Вторая существенная тема нашего времени — тема о человеке.
Прежняя вера в прогресс была вместе с тем верой в человека, даже была культом человека. Гуманизм, развившийся в XV-XVI в., однако. медленно превращается в «человекобожество» (вспомним слова Горького: «Человек — это звучит гордо»),
Абсолютирование личности, превозношение полной «автономии» личности — новейшие претензии человека манили увлекательными перспективами, питали гордость и самопревознесение человека. Б' этом как бы завершилась, идеология прежней эпохи, — а в то же время уже с конца XVIII в. (особенно в Германии, в «эпоху бури и натиска») начинает неожиданно обнажаться глубочайший аморализм этой «автономной» личности. В XVIII в. возникает замечательная попытка прикрыть этот аморализм с помошью эстетики, возникает так называемый «эстетический гуманизм», в котором много гуманистической риторики, а движущей силой которого является культ эстетических переживаний. Этот процесс идет в XIX в. с лихорадочной быстротой... В этом смысле не случайны слова одного моего коллеги, профессора права в одном европейском университете: «Я не краду, потому что мне это эстетически противно».

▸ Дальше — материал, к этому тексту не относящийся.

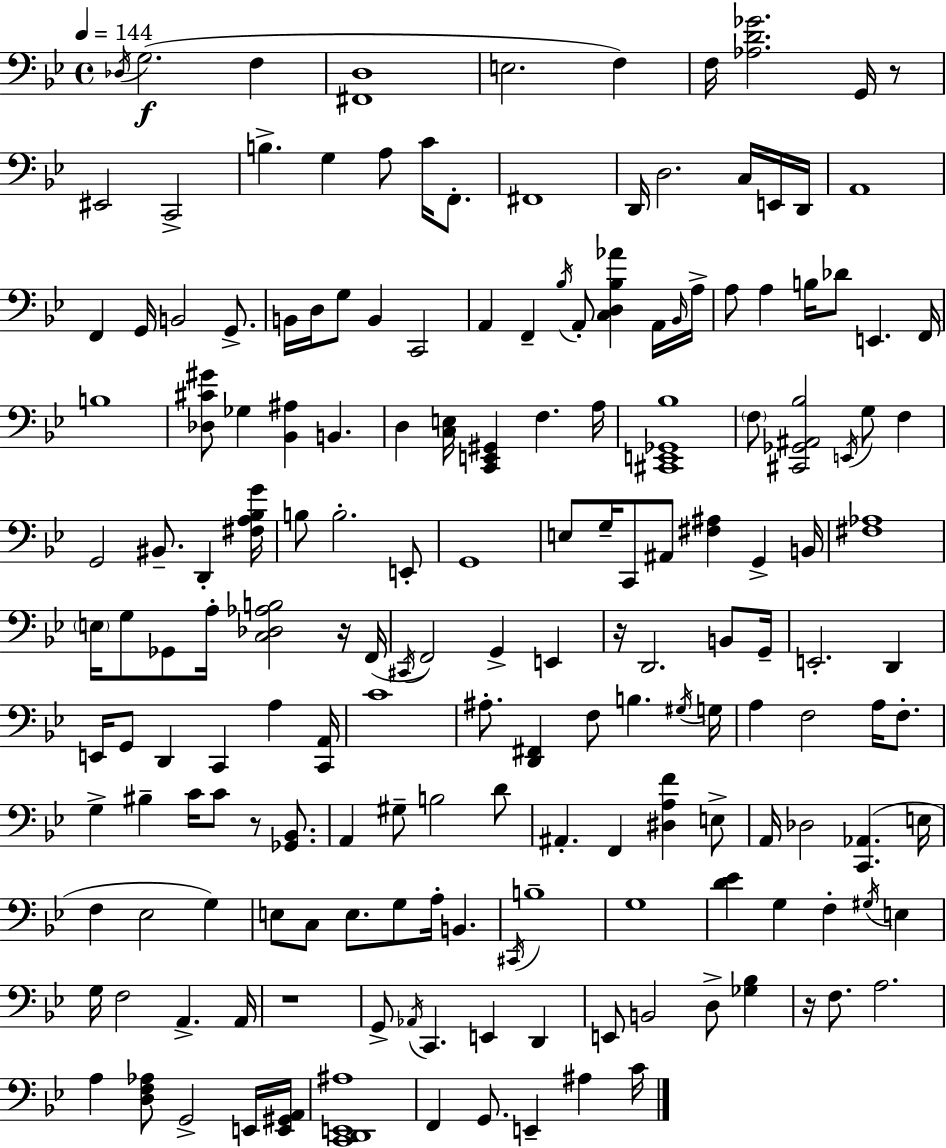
X:1
T:Untitled
M:4/4
L:1/4
K:Gm
_D,/4 G,2 F, [^F,,D,]4 E,2 F, F,/4 [_A,D_G]2 G,,/4 z/2 ^E,,2 C,,2 B, G, A,/2 C/4 F,,/2 ^F,,4 D,,/4 D,2 C,/4 E,,/4 D,,/4 A,,4 F,, G,,/4 B,,2 G,,/2 B,,/4 D,/4 G,/2 B,, C,,2 A,, F,, _B,/4 A,,/2 [C,D,_B,_A] A,,/4 _B,,/4 A,/4 A,/2 A, B,/4 _D/2 E,, F,,/4 B,4 [_D,^C^G]/2 _G, [_B,,^A,] B,, D, [C,E,]/4 [C,,E,,^G,,] F, A,/4 [^C,,E,,_G,,_B,]4 F,/2 [^C,,_G,,^A,,_B,]2 E,,/4 G,/2 F, G,,2 ^B,,/2 D,, [^F,A,_B,G]/4 B,/2 B,2 E,,/2 G,,4 E,/2 G,/4 C,,/2 ^A,,/2 [^F,^A,] G,, B,,/4 [^F,_A,]4 E,/4 G,/2 _G,,/2 A,/4 [C,_D,_A,B,]2 z/4 F,,/4 ^C,,/4 F,,2 G,, E,, z/4 D,,2 B,,/2 G,,/4 E,,2 D,, E,,/4 G,,/2 D,, C,, A, [C,,A,,]/4 C4 ^A,/2 [D,,^F,,] F,/2 B, ^G,/4 G,/4 A, F,2 A,/4 F,/2 G, ^B, C/4 C/2 z/2 [_G,,_B,,]/2 A,, ^G,/2 B,2 D/2 ^A,, F,, [^D,A,F] E,/2 A,,/4 _D,2 [C,,_A,,] E,/4 F, _E,2 G, E,/2 C,/2 E,/2 G,/2 A,/4 B,, ^C,,/4 B,4 G,4 [D_E] G, F, ^G,/4 E, G,/4 F,2 A,, A,,/4 z4 G,,/2 _A,,/4 C,, E,, D,, E,,/2 B,,2 D,/2 [_G,_B,] z/4 F,/2 A,2 A, [D,F,_A,]/2 G,,2 E,,/4 [E,,^G,,A,,]/4 [C,,D,,E,,^A,]4 F,, G,,/2 E,, ^A, C/4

Это значит, что чисто моральных оснований он, честный, бесстрашный аналитик жизни, уже не решился указать. По крылатым словам Леонтьева всюду стала воцаряться «поэзия изящной безнравственности»; дело идет уже только о том, чтобы «безнравственность» была изящной, — и тогда современный человек будет спокоен.
Раскольников договорил до конца весь этот строй мысли, когда решил, что, если позволено Наполеону губить десятки тысяч людей и не быть осужденным за это, то и он без всяких сомнений может убить старушку ростовщицу...
Бесчеловечность, достигшая ныне своего апогея, превращение моральных тем в условную, ничем не вдохновляющую риторику, «поэзия изящной безнравственности» — таковы страшные черты современного человека.
Подлинное добро, чистосердечная преданность добру еще возможны у «наивных» людей, а «культурный» человек, «автономный» и полагающийся на себя, освобожденный от «наивности» должен признаться, что красть или убивать он не может лишь потому, что это «эстетически» противно.
То, что я говорю о современном человеке, не есть клевета. Все это слишком трагично, чтобы еще присочинять; посколько человек думает держаться «самим собой», посколько он имеет претензии на «автономность», — должно сказать, что духовная опустошенность есть, увы, факт. Это значит ведь только то, что невозможно верить в человека, как такового; надо понять, что ценность человека определяется прежде всего тем, чему он предан, чем вдохновляется.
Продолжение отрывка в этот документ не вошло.